Esta semana toca hablar de nuevas generaciones, en concreto de esa que viene por detrás de la generación Z, y que no tengo muy claro cómo se va a denominar (solamente espero que no tomen ejemplo de las matrículas de los coches y empecemos ahora con la doble letra porque quedaría un poco ridículo). Esa generación a la que, para facilitar las cosas y dar contexto al post, denominaré: la generación de mi hijo.
Esa generación a la que alimentamos tanto su autoestima que su ego tiene riesgo de contraer obesidad mórbida.
Así que hoy me pongo en plan padre para contestar al que me justifique algo sin sentido aparente aludiendo a la autoestima: “Ni autoestima, ni autoestimo”
Que conste que lo de cuidar la autoestima de nuestros hijos y, por supuesto, la de cualquier persona que nos rodee en la vida me parece fenomenal. Quererse a uno mismo con medida es la base de una buena salud mental, y la gasolina que te da valor para tomar decisiones difíciles pero alineadas con tus valores personales.
Eso sí, creo que actualmente se no está yendo la cosa de las manos. Aunque nuestros hijos sean entrañables y llenos de una sabiduría en estado puro que merece la pena escuchar, no dejan de ser personas bajitas con poca formación, y poco pensamiento crítico (gracias al cual, por ejemplo, el ratoncito Pérez mantiene su negocio de dientes caídos). Seres que van por el mundo con una “L” en la chepa, y que como aprendices (y de los buenos) que son pueden tener propensión al fallo. ¿Y qué?
Una de las situaciones más sorprendentes que he vivido como padre es asistir en uno de esos parques de bolas que tanto nos chiflan para celebrar sus cumpleaños (¿para cuándo la piscina de bolas para padres para hacernos la espera más amena?), a una nueva versión del juego de las sillas musicales.
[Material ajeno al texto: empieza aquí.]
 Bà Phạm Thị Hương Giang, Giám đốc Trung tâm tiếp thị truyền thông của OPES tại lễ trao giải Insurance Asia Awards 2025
En esta versión, como en la original, cuando la música se para todos tienen que correr a sentarse. Y en esta versión, como en la original, en cada ronda se retira una silla. Pero, en un giro de los acontecimientos que no esperaba, en esta (a)versión de máxima creatividad los niños no se eliminan nunca. Llegando al extremo tan surrealista, en el que, durante la última ronda, 20 niños pugnan por sentarse en una única silla. Porque que tu hijo tenga que lidiar con ese duro revés de la vida que supone la eliminación de un juego es fatal, pero que viva un episodio de semiaplastamiento por una pila de niños hipermotivados en proteger su autoestima son gajes del oficio. Porque la integridad de sus huesos y vísceras es contingente, pero proteger su autoestima de la eliminación es necesario
En muchas ocasiones salvaguardar a los hijos de un pequeño fracaso (si siquiera podemos llamarlo así) es protegerles de sacar sus propias conclusiones, de activar su pensamiento crítico, de experimentar con nuevas emociones que tarde o temprano van a tener que aprender a gestionar.
¿Qué clase de generación queremos cultivar para las empresas del mañana? Si la gestión del ego y de las emociones ya es una asignatura pendiente a día de hoy, en el futuro vamos a necesitar un psicólogo y un guardia jurado por cada dos empleados.
El niño que no tiene errores no puede aprender de ellos ni tampoco asumir las responsabilidades que conlleva el haberlos cometidos. Sin errores tampoco sabrá encontrar soluciones.
Es bueno apoyar la cultura ágil a la hora de educar a nuestros hijos, lo que hay que evitar es ágil-apoyarlos.
Si queremos proteger la autoestima de nuestros hijos debemos darles siempre amor, pero no siempre la razón. Amor infinito e incondicional es bien, razón infinita es mal.
Si no queremos una sociedad y unas empresas llenas de pequeños déspotas que lleguen con el ego desatado y sensación de impunidad garantizada, es el momento de actuar y fomentar en nuestros hijos el derecho a equivocarse, y a fracasar, porque la vida, queramos o no, se encargará de hacerles vivir estas experiencias, tarde o temprano.
Porque cuando sean mayores y en sus empresas comience el baile de las sillas, sí que podrán ser eliminados.